(DATA FOR THIS TASK)

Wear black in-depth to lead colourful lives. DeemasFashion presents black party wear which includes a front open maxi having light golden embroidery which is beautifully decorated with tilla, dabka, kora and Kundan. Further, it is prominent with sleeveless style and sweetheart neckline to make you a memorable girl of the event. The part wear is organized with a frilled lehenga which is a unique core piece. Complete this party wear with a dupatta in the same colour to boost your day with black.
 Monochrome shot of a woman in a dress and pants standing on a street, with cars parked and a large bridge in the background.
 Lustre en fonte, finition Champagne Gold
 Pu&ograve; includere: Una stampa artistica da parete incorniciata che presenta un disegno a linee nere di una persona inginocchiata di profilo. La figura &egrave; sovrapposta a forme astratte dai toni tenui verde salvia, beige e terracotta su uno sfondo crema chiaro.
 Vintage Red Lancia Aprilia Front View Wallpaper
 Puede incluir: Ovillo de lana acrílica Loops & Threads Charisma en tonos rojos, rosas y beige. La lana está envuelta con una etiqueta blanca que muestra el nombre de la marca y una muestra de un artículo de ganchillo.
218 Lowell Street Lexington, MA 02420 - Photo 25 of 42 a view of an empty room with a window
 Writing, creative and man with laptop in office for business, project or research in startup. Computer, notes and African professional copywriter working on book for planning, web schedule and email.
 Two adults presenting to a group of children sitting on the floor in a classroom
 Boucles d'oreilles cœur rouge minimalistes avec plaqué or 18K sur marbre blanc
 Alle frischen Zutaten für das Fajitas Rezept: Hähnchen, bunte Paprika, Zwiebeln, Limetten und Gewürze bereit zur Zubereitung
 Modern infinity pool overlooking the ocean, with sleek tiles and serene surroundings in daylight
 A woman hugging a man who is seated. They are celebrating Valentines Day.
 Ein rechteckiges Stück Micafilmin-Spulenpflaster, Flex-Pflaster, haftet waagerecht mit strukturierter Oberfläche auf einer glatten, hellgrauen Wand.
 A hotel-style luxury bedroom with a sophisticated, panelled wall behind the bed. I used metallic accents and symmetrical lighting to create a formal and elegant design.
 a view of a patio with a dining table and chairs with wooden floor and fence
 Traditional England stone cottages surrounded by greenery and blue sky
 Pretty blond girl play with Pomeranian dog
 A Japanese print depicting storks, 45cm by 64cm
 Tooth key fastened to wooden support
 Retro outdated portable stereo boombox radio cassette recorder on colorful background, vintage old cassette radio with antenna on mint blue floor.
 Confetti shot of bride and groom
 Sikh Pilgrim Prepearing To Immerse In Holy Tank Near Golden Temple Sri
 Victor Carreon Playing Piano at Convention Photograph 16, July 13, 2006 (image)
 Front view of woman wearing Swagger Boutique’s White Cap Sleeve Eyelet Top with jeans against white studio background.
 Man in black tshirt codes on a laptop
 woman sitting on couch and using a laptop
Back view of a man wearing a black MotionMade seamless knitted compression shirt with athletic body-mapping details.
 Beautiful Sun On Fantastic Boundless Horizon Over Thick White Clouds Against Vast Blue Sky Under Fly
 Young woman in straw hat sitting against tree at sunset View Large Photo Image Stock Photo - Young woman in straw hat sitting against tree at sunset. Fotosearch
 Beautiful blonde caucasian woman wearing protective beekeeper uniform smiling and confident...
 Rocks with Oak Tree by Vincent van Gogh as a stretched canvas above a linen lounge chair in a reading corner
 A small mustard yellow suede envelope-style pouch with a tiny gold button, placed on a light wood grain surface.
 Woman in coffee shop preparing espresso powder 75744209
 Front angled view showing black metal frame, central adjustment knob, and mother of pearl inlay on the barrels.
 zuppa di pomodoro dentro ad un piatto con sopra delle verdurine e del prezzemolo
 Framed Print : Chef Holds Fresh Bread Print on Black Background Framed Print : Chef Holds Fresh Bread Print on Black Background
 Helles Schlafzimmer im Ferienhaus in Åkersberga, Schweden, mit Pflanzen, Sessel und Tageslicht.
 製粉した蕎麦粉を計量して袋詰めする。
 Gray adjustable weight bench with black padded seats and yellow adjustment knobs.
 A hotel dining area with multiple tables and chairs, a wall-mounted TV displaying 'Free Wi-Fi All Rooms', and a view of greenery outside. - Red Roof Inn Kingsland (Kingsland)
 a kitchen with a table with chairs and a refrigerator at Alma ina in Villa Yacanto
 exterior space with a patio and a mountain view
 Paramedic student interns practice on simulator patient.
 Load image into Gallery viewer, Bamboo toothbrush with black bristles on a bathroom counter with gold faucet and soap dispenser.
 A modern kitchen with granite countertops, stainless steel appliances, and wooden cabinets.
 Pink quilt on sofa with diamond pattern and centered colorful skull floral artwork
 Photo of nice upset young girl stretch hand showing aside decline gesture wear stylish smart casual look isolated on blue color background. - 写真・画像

(End DATA FOR THIS TASK)

> _WORK TO COMPLETE_
Search the data for the string "kitchen" and copy out every line where it is found.

> _OUTPUT BELOW_
 a kitchen with a table with chairs and a refrigerator at Alma ina in Villa Yacanto
 A modern kitchen with granite countertops, stainless steel appliances, and wooden cabinets.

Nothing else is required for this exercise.